* WHAT NEEDS TO BE DONE: Copy out exactly the lines below that run from the one holding "THE BALCONETTE HIGH-WAIST" to the one holding "Den røde miljøkasse", keeping both of those lines and no others.

------ DATA UNDER STUDY ------

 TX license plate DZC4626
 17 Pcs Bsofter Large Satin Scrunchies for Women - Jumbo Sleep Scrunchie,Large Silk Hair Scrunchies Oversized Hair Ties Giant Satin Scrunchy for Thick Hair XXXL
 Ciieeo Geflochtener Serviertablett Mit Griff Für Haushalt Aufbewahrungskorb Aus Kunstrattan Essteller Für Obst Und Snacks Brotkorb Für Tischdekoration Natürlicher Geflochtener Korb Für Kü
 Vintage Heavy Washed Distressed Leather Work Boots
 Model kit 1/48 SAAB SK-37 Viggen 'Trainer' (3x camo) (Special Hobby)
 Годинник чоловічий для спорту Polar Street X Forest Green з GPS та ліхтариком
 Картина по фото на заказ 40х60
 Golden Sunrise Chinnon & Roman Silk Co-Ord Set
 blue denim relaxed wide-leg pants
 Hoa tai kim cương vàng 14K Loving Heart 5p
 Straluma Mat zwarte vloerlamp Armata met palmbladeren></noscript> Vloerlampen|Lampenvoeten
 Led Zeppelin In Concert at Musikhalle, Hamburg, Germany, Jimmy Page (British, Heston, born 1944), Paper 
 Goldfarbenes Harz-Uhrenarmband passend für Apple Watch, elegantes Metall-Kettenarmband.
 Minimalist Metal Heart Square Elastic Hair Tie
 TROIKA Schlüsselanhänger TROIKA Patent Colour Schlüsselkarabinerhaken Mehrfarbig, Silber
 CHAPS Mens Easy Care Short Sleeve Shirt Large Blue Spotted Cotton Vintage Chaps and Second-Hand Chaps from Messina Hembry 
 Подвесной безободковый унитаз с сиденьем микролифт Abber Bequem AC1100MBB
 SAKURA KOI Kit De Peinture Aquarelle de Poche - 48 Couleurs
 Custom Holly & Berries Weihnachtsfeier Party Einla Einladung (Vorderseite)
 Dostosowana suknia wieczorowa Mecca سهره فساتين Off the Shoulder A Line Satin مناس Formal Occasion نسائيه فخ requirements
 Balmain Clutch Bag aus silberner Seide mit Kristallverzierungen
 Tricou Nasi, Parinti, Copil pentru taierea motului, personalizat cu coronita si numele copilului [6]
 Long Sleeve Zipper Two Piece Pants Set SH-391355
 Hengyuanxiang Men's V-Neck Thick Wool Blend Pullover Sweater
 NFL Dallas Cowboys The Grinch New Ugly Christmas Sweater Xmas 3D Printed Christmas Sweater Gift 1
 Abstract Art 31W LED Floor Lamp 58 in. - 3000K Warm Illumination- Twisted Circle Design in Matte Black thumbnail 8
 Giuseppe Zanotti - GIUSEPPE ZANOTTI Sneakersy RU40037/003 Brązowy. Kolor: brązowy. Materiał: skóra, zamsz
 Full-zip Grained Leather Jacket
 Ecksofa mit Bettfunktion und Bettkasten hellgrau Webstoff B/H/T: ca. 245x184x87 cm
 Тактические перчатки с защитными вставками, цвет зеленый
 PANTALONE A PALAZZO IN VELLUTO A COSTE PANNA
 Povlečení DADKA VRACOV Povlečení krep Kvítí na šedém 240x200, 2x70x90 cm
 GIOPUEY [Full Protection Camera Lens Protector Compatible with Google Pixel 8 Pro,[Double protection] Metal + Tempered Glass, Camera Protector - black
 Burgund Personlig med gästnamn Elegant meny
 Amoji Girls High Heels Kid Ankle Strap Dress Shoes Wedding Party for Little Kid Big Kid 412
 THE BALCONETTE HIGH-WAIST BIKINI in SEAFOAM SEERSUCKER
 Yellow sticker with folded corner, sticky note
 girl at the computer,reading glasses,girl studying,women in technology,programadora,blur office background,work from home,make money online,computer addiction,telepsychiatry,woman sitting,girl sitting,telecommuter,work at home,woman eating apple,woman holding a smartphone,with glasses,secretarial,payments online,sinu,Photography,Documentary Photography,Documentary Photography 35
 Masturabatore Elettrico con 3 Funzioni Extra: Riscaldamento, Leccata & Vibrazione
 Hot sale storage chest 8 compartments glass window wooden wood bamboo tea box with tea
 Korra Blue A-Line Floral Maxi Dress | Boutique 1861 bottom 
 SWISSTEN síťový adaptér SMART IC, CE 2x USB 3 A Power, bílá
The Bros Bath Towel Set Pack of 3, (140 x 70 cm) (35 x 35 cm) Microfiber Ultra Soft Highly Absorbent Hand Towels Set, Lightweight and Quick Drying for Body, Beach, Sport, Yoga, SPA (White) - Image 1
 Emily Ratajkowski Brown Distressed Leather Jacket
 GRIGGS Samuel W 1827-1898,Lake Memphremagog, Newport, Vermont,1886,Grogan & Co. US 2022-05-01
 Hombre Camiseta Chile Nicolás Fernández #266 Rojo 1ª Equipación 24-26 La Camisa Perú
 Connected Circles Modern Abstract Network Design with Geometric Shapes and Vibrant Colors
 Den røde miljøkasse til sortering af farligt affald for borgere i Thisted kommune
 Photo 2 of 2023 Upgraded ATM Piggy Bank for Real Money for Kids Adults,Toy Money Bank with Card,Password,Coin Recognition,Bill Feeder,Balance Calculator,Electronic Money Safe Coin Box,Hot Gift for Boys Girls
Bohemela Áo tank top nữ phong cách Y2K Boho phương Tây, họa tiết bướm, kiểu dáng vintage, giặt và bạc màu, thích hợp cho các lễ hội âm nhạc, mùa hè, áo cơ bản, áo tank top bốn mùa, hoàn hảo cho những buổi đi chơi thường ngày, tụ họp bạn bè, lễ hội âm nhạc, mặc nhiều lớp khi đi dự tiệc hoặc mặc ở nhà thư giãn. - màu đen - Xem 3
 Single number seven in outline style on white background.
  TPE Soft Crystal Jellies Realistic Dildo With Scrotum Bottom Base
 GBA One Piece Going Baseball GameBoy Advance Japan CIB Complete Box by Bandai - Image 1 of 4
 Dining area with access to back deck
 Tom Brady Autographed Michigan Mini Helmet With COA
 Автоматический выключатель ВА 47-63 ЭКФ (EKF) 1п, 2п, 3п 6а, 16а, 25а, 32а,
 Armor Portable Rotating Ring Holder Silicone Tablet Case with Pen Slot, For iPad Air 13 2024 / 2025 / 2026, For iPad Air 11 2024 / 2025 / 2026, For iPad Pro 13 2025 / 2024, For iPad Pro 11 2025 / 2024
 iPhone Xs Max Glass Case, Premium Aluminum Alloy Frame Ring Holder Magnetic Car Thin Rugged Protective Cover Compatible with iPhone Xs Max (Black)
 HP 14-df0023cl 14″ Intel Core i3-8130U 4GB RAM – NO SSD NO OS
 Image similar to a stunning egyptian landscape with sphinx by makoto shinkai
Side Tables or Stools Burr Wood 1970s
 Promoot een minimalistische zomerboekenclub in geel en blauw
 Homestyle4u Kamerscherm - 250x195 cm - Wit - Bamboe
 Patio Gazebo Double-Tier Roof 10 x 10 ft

------

* REPLY:
 THE BALCONETTE HIGH-WAIST BIKINI in SEAFOAM SEERSUCKER
 Yellow sticker with folded corner, sticky note
 girl at the computer,reading glasses,girl studying,women in technology,programadora,blur office background,work from home,make money online,computer addiction,telepsychiatry,woman sitting,girl sitting,telecommuter,work at home,woman eating apple,woman holding a smartphone,with glasses,secretarial,payments online,sinu,Photography,Documentary Photography,Documentary Photography 35
 Masturabatore Elettrico con 3 Funzioni Extra: Riscaldamento, Leccata & Vibrazione
 Hot sale storage chest 8 compartments glass window wooden wood bamboo tea box with tea
 Korra Blue A-Line Floral Maxi Dress | Boutique 1861 bottom 
 SWISSTEN síťový adaptér SMART IC, CE 2x USB 3 A Power, bílá
The Bros Bath Towel Set Pack of 3, (140 x 70 cm) (35 x 35 cm) Microfiber Ultra Soft Highly Absorbent Hand Towels Set, Lightweight and Quick Drying for Body, Beach, Sport, Yoga, SPA (White) - Image 1
 Emily Ratajkowski Brown Distressed Leather Jacket
 GRIGGS Samuel W 1827-1898,Lake Memphremagog, Newport, Vermont,1886,Grogan & Co. US 2022-05-01
 Hombre Camiseta Chile Nicolás Fernández #266 Rojo 1ª Equipación 24-26 La Camisa Perú
 Connected Circles Modern Abstract Network Design with Geometric Shapes and Vibrant Colors
 Den røde miljøkasse til sortering af farligt affald for borgere i Thisted kommune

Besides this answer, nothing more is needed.